1.   brunette zn. 'vrouw met bruin haar'
categorie:
leenwoord
Vnnl. Die vry wat swert is sal men een brunetje noemen 'Een vrouw die nogal zwart is moet/zal men brunetje noemen' [1560; WNT bruinet], bruynette, bruynken. 'donkere vrouw, bruine vrouw' [1599; Kil.]; nnl. brunette 'id.' [1805; Meijer].
Ontleend aan Frans brunette 'bruinharige vrouw' [ca. 1175; Rey], dat evenals brunet 'bruinharige man' een afleiding is van het bn. brunet(te) 'bruinachtig' [ca. 1175; Rey], bij het bn. brun 'bruin' [1080; Rey] < middeleeuws Latijn brunus [6e eeuw; Rey], dat ontleend is aan pgm. *brūna-, zie bruin.
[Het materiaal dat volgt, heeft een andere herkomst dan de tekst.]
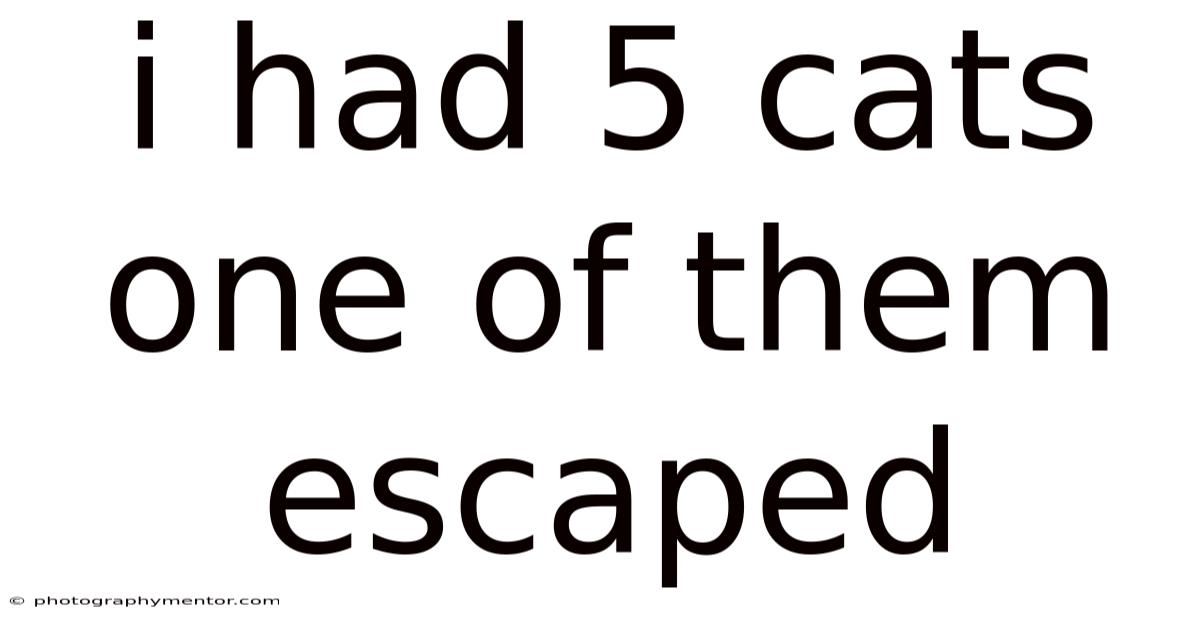I Had 5 Cats One Of Them Escaped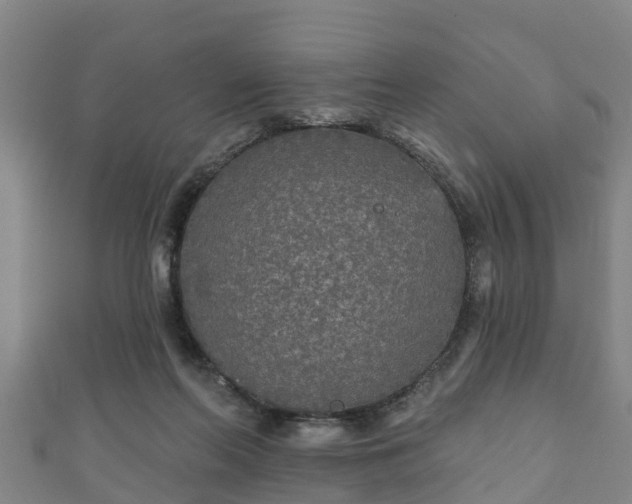 X0000111590214200907231221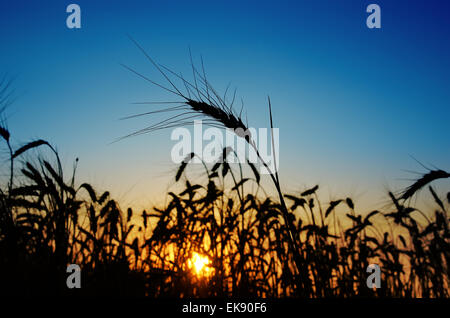 Tramonto sul campo in estate. spighe di grano sun contro sotto il profondo blu del cielo Foto Stock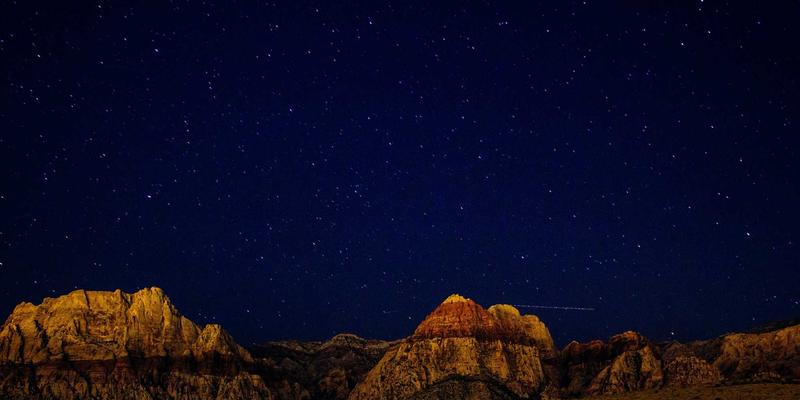 人参果44：传统中药与现代保健食品的养生智慧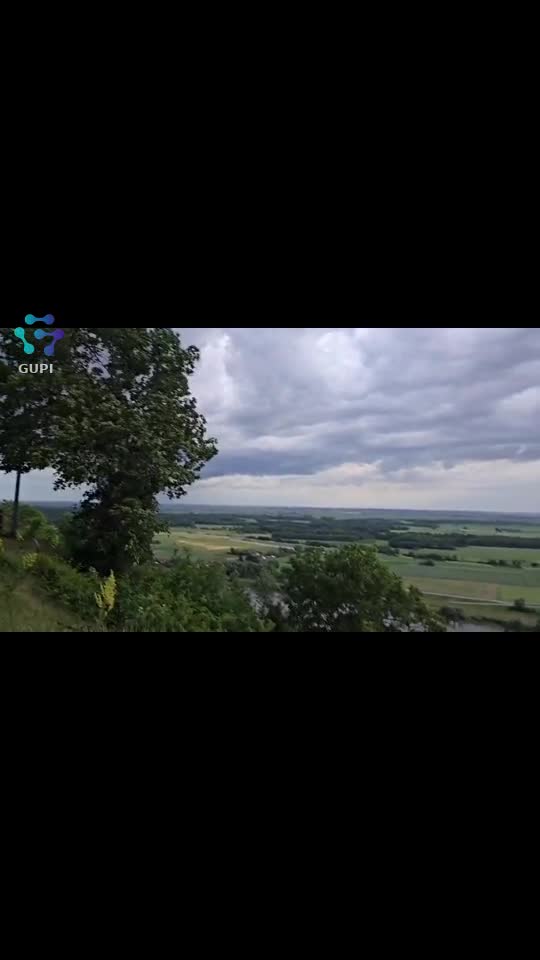 🌳🌳🌳🍀🍀🌳🌳🌳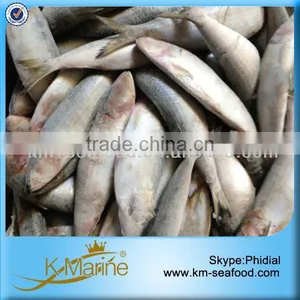 Frozen Sardines Fish Seafood Whole Round thumbnail-1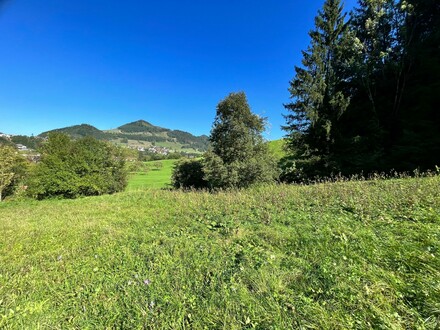 Baugrundstück mit Wald und landwirtschaftlicher Fläche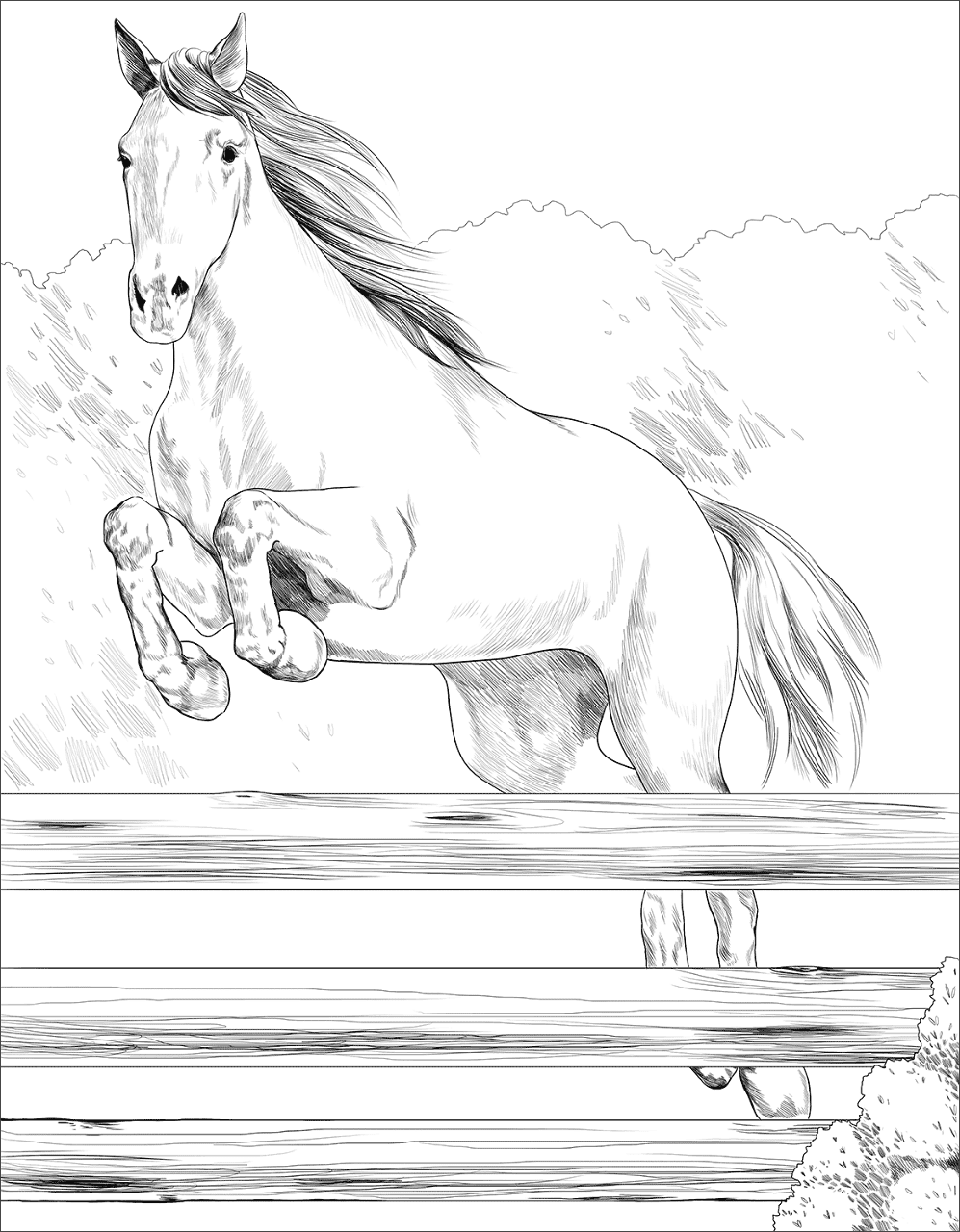 Desenho de Belos Cavalos Livro de Colorir para colorir e imprimir: número 10
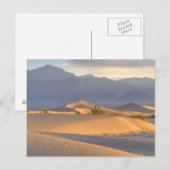 Desert Dawn Briefkaart (Voorkant / Achterkant)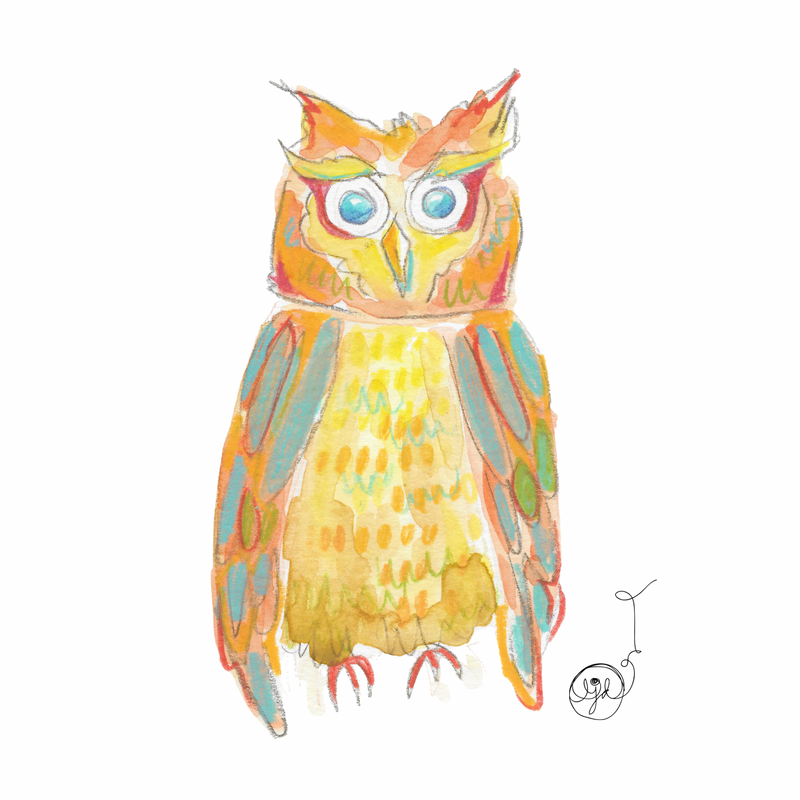 Owl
In het Middelnederlands bestond al het woord brunet in de betekenis 'bruine stof' [1282; CG I, 623].
Het woord had vanaf de 16e eeuw onder invloed van het bn. bruin meestal de vorm bruinet(te), het heeft later weer de Franse vorm gekregen.
De aanduiding brunette heeft thans alleen nog betrekking op het haar, vroeger had een bru(i)net(te) ook een donkere huidskleur en zeer donkere ogen.